OGH: Auch im Eisenbahnfrachtrecht kann sich der Schädiger auf ein Mitverschulden des Geschädigten berufen


Schlagworte: Eisenbahnfrachtrecht, Behauptungs- und Beweislast, Mitverschulden
Gesetze:

§ 94 Abs 2 und 3 EBG, § 1304 ABGB, Art 29 CMR, § 438 HGB

In seinem Erkenntnis vom 20.06.2006 zur GZ 4 Ob 77/06m hatte sich der OGH mit der Haftung des Empfängers für schuldhaftes Verhalten des Absenders im Bereich des Eisenbahnfrachtrechts und dem Entfall von Haftungsbefreiungen bei grobem Verschulden des Frachtführers auseinanderzusetzen:

Die Klage auf Schadenersatz umfasste den Warenwert, Entsorgungskosten sowie Fracht- und Einlagerungskosten für Zucker, nachdem dieser in einem chemisch verunreinigten Waggon des beklagten Eisenbahnunternehmens transportiert und dadurch verdorben wurde. Sowohl in der Vergangenheit als auch während des Verfahrens stellte die beklagte Partei mehrmals kontaminierte Waggons für Zuckertransporte bereit. Die beklagte Partei wandte ein Mitverschulden der klagenden Partei ein, weil diese bzw. die Nebenintervenientin als Absenderin aufgrund des üblen Geruchs und in Kenntnis, dass Zucker eine sehr empfindliche Ware sei, den Waggon als ungeeignet zurückweisen hätte müssen.
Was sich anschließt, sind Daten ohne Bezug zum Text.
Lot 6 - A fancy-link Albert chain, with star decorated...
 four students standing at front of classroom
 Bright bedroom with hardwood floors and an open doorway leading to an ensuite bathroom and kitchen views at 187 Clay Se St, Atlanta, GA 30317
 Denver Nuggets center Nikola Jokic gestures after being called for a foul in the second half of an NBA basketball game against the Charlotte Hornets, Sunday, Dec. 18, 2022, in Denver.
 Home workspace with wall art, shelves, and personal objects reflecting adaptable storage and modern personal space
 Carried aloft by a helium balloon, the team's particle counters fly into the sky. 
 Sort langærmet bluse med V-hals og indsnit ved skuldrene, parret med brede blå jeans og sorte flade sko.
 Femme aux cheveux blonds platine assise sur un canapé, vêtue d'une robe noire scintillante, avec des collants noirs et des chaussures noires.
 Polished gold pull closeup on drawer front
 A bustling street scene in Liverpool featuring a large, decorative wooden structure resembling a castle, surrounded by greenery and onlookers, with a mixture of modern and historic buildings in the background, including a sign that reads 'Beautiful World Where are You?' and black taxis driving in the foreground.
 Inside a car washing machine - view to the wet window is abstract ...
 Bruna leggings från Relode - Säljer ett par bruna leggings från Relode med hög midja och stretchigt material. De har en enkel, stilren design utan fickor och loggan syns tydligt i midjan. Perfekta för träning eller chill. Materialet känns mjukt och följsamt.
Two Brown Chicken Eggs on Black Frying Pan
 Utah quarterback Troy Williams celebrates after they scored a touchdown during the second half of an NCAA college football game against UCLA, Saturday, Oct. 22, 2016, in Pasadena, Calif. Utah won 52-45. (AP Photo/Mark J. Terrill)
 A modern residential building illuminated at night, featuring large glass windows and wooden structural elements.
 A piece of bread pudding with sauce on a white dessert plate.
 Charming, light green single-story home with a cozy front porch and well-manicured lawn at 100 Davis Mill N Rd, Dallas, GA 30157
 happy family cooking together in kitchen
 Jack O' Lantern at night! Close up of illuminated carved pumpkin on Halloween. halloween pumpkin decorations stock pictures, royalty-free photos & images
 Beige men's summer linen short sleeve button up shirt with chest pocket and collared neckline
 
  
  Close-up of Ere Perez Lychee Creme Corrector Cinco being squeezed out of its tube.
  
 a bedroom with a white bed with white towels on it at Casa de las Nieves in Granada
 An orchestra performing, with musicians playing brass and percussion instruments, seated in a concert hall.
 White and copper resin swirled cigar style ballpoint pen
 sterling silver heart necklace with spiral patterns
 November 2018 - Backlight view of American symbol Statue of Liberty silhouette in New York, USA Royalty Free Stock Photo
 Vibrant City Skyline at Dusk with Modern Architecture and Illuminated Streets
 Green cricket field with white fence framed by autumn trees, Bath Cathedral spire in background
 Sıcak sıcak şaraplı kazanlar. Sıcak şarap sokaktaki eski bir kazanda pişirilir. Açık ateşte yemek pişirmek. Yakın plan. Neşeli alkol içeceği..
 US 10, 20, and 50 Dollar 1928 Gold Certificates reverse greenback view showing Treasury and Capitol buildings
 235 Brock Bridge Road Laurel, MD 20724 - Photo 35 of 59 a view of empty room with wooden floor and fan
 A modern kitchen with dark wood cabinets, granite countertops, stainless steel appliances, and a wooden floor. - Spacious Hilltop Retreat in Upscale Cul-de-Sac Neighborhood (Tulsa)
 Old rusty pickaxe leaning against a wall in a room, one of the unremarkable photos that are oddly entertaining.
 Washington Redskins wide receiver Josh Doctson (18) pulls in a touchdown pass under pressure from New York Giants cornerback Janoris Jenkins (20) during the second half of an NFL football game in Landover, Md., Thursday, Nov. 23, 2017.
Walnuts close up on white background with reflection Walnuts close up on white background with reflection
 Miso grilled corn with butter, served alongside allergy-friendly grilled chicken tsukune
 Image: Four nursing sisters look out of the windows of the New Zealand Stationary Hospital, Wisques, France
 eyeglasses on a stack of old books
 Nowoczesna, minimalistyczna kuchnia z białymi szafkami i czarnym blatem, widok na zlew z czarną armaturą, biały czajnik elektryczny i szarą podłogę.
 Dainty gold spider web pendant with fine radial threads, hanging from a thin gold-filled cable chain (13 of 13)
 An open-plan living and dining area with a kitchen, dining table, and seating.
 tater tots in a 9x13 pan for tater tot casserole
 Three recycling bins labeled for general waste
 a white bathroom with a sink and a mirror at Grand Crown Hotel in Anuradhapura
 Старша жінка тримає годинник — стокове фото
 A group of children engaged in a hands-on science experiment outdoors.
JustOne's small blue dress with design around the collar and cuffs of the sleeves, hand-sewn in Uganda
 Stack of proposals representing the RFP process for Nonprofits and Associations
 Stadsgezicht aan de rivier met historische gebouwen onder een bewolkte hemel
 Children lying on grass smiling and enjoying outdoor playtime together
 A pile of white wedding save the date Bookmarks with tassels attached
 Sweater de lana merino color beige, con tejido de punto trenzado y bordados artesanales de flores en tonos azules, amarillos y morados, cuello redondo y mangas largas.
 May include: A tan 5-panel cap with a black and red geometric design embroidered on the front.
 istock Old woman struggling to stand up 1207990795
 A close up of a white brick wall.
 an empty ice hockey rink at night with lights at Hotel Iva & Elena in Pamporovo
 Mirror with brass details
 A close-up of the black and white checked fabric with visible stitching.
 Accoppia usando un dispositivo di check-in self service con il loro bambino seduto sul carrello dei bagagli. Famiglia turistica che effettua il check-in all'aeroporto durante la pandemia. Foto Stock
Der OGH führte dazu aus: Zwar gilt grundsätzlich auch im Transportrecht der Grundsatz, dass die Behauptungs- und Beweislast für Vorsatz und grobe Fahrlässigkeit den Geschädigten trifft, soweit es sich dabei jedoch um Umstände handelt, die in der Sphäre des Frachtführers liegen, hat dieser nach Treu und Glauben darzulegen, wie die Sicherung des übernommenen Gutes organisiert und welche Maßnahmen im konkreten Fall getroffen wurden. Soweit sich eine Partei auf § 182a ZPO beruft, muss auch jenes Vorbringen ausgeführt werden, welches aufgrund der nicht beachteten Rechtsansicht erstattet worden wäre, andernfalls ist auf die Verfahrensrüge nicht einzugehen. Im Eisenbahnfrachtrecht gilt der allgemeine Grundsatz des § 1304 ABGB, wonach auch bei grobem Verschulden des Schädigers ein Fehlverhalten des Geschädigten von Bedeutung sein kann und der Mitverschuldenseinwand lediglich bei Vorsatz auszuschließen ist.